# Buying a lathe at Home Depot...which should I get



## marcuscraft

So I have a bunch of Home Depot gift cards that I have just been sitting around and decided to put them towards a lathe. So for the sake of this argument, the lathe universe consists of just whats available at home depot. Im new to turning, just looking to make simple/smaller items….a few pens, maybe a small bowl or two…and want something benchtop so that I can store it away (I dont have a problem moving/lifting 100 lbs, so thats not a worry). I am also looking for variable speed for the convenience factor. It looks like my 3 choices are:

Nova Comet II
http://www.homedepot.com/p/NOVA-12-in-x-16-1-2-in-Comet-II-Variable-Speed-Wood-Lathe-46300/204488330#.Un5KOuI4ljs

This looks great because it would mean almost $0 out of pocket. From looking at reviews, there seems to be some QA issues with them as well.

General 25-200 M1
http://www.homedepot.com/p/General-International-12-in-x-17-in-Variable-Speed-Maxi-Lathe-VS-25-200-M1/204205750#.Un5KhOI4ljs

The digital readout seems to be pretty cool and the turning head might prove useful for future use. Very little for reviews out there.

Jet 1221VS
http://www.homedepot.com/p/JET-12-in-x-21-in-Variable-Speed-Woodworking-Lathe-719200/204077179#specifications

Largest and most powerful (on paper at least) of the 3.

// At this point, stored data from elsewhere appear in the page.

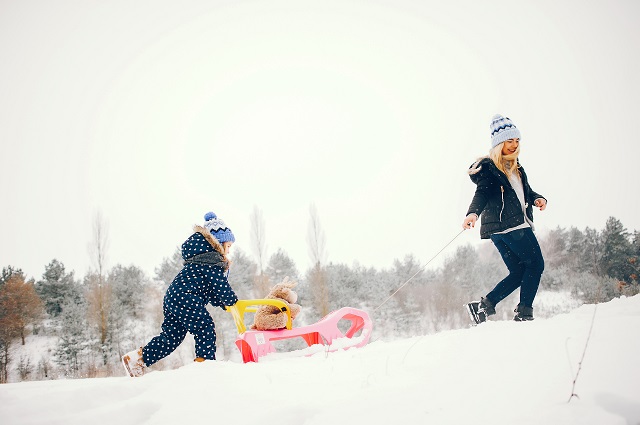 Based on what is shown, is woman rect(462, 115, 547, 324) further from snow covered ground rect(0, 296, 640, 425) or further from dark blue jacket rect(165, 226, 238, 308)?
dark blue jacket rect(165, 226, 238, 308)

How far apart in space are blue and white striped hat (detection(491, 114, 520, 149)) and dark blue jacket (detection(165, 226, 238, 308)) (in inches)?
116

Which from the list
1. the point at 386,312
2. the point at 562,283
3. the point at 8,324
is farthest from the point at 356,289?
the point at 8,324

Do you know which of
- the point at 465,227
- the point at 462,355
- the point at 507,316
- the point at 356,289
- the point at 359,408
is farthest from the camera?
the point at 356,289

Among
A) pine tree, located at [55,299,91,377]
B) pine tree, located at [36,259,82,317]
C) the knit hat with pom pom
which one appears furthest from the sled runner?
pine tree, located at [36,259,82,317]

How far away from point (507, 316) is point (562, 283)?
168 inches

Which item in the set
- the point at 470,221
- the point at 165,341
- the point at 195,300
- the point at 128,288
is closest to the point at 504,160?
the point at 470,221

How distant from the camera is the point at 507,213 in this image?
3377 millimetres

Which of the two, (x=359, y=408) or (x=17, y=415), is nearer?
(x=359, y=408)

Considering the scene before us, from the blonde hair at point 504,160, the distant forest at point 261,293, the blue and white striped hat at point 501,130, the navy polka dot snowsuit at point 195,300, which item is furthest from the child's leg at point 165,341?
the distant forest at point 261,293

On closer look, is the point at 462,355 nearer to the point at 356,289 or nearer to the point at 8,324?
the point at 8,324

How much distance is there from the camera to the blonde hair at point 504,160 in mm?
3523

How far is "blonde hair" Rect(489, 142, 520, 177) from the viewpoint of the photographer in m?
3.52

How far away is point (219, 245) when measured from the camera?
3570 mm

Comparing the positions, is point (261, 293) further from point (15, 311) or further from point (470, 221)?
point (470, 221) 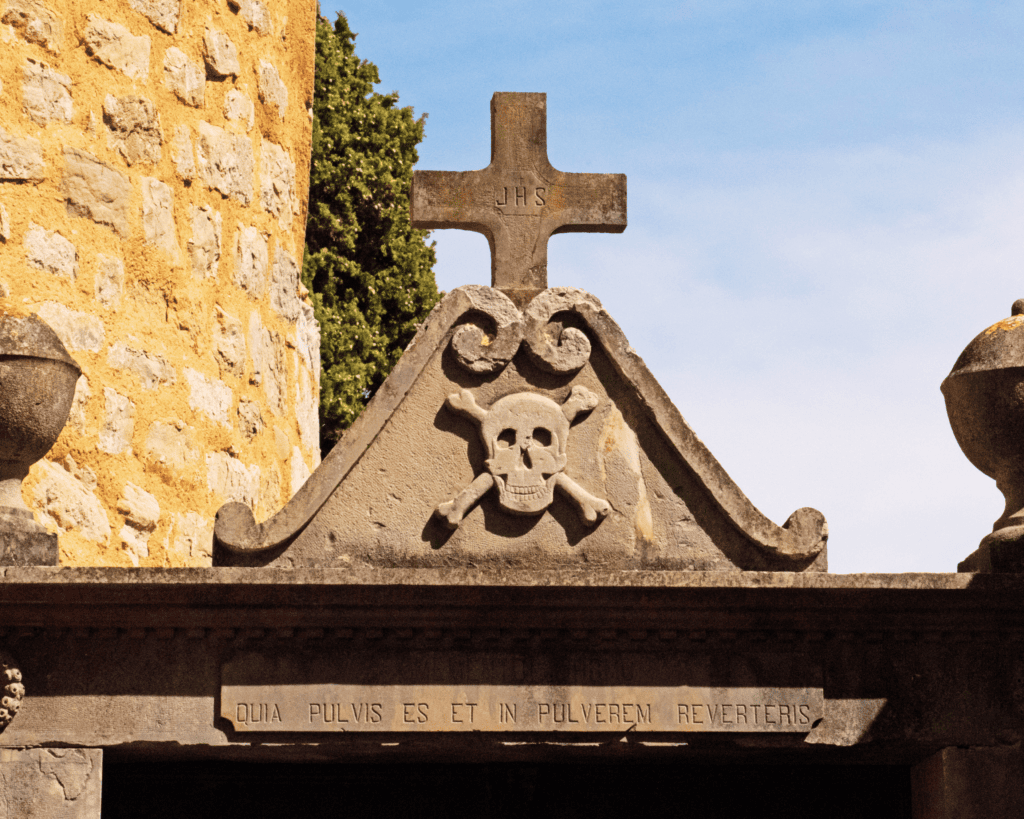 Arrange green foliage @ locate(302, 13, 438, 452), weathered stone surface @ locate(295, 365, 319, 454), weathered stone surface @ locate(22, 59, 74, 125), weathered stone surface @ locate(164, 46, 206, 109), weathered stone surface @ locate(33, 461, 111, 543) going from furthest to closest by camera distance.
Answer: green foliage @ locate(302, 13, 438, 452)
weathered stone surface @ locate(295, 365, 319, 454)
weathered stone surface @ locate(164, 46, 206, 109)
weathered stone surface @ locate(22, 59, 74, 125)
weathered stone surface @ locate(33, 461, 111, 543)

Any thoughts from anyone out there on the three above?


----------



## Sawdust2012

I'd either go with the Jet or the Nova. If forced to choose right now, I'd do the Nova. Turning is their thing. They make accessories you can attach to the outboard side of the drive. You really cant go wrong with either of the two. I've never had anything from Jet that wasnt top rate.


----------



## waho6o9

+1 for Nova.

http://www.teknatool.com/Infinity_quick_change.htm


----------



## lew

What do you want to turn?

If you are turning pens and small diameter spindles, then I'd get the Nova.

If you expect to do bowls or anything that approached the maximum diameter the lathe supports you'll need more horsepower.


----------



## PaulDoug

The Jet has been around and well proven. If you can believe the horsepower rating it has the most. Best warranty. Can run at the slowest speed (important in pen making depending on the type of finish you want to use). That's the one I'd get, if it were me.

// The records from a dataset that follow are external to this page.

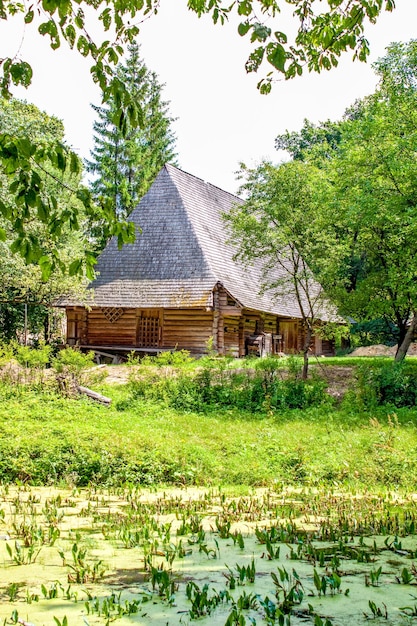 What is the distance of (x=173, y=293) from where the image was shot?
83.1ft

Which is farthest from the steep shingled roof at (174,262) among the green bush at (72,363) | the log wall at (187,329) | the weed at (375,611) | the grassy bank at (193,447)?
the weed at (375,611)

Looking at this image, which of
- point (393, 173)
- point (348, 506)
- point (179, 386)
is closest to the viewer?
point (348, 506)

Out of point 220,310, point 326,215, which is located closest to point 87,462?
point 326,215

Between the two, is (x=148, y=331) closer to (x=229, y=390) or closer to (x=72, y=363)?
(x=72, y=363)

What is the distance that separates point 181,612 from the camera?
3990 millimetres

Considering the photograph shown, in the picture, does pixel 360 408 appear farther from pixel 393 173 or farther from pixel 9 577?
pixel 9 577

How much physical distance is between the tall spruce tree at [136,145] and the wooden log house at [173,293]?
12.1 m

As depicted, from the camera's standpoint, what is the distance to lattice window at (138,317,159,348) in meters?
26.3

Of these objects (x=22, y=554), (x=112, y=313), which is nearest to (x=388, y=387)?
(x=22, y=554)

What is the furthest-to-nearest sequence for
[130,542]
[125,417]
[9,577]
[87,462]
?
[125,417] → [87,462] → [130,542] → [9,577]

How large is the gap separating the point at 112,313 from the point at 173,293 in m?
3.09

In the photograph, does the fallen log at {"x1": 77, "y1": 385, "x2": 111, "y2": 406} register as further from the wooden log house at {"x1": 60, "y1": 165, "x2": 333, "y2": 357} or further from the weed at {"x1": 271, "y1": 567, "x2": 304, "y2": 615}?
the weed at {"x1": 271, "y1": 567, "x2": 304, "y2": 615}

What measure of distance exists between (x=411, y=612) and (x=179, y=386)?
12.4 meters

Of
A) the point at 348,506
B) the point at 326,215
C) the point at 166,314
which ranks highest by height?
the point at 326,215
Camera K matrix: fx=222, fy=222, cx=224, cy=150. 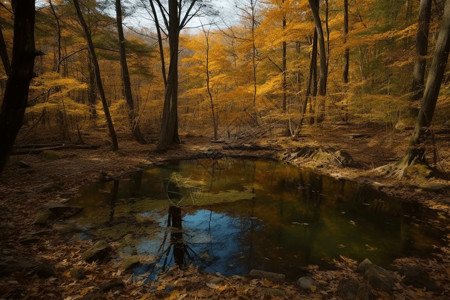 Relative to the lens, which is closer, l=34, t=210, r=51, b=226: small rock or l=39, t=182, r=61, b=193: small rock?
l=34, t=210, r=51, b=226: small rock

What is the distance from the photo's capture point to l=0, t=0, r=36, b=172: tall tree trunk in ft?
7.86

One of the most important things if you get into turning, You will spend a lot more money before your are through (well if you really enjoy it, I guess you never get through buying for it).


----------



## Bill7255

I have the Jet. It is very nice lathe. I also have a Delta Midi lathe. The variable speed on the Jet is nice and generally use this lathe, but the Delta is also a good lathe. I don't think you could go wrong with any of them, but my first choice would be the Jet, then Nova. Be prepared to spend on chisels and a sharpening system. For pen turing I bought the Shopsmith pen turning chisels. Three chisels in the set. I don't know if they still sell them. Sorby chisels are also excellent. You will also need a way to sharpen them. I use the Woverine jig with the 8 inch slow speed grinder from Woodcraft. I have the Jet (Tomek) knock off, but haven't master this system. Note, get a cheap set of chisels to practice sharpening. If you like turning, then you can be on the lookout for a used full size lathe. I found a Powermatic 90 for $180. Doesn't have all the bells and whistles, but is rock solid. You need to be more careful if buying a full size lathe.


----------



## JollyGreen67

Marcus, where do you live so as to purchase these lathe's at Home Depot? I didn't know HD sold lathe's.


----------



## marcuscraft

They're all available online and will ship to the store for free. None are actually in stock at the store.


----------



## JollyGreen67

Thanks, never thought about online for HD. I'll pass it along.


----------



## wormil

The Jet is very popular but the Nova is less expensive and is also good from what I read. Both are good companies so the HP ratings are probably correct. I'd be tempted to get the Nova and have money left over. Nova + Delta/Nova chuck will run you $670.00; plan another $100-200 for tools, so $800-900 just to get started.


----------



## PaulDoug

Yep, the lathe is the cheap part of the hobby! Fortunately the expensive part can be spread out over a longer time. You will save on the tool side also if you can get into a turning club. They will show you what is what so you don't waste money on unnecessary items. One thing I will advice, if you go Nova, DO NOT buy the Nova sharpening jig set up. I had one and it ended up in my metal scrap pile. Seriously!


----------



## JollyGreen67

Marcus, go to www.woodturnerscatalog.com for all kinds of turning accessories.


----------



## Darell

Our turning club just purchased two of the Jet 1221 VS lathes this past summer. They have held up well with our class schedule. I don't know much about the Nova. I have the Nova DVR but that's another class of lathe. One thing you might consider is the bed length. The Jet is 21" between centers while the Nova is only 16.5". That could be a limiting factor if you get into pepper mills or longer spindle turnings. Happy Turnings!


----------



## Underdog

I'd say either the Nova or the Jet. They're both decent lathes and use quality materials and parts. I personally haven't used the Nova, but have friends who like them. I have two Jets and the quality is decent, and the warranty is good.


----------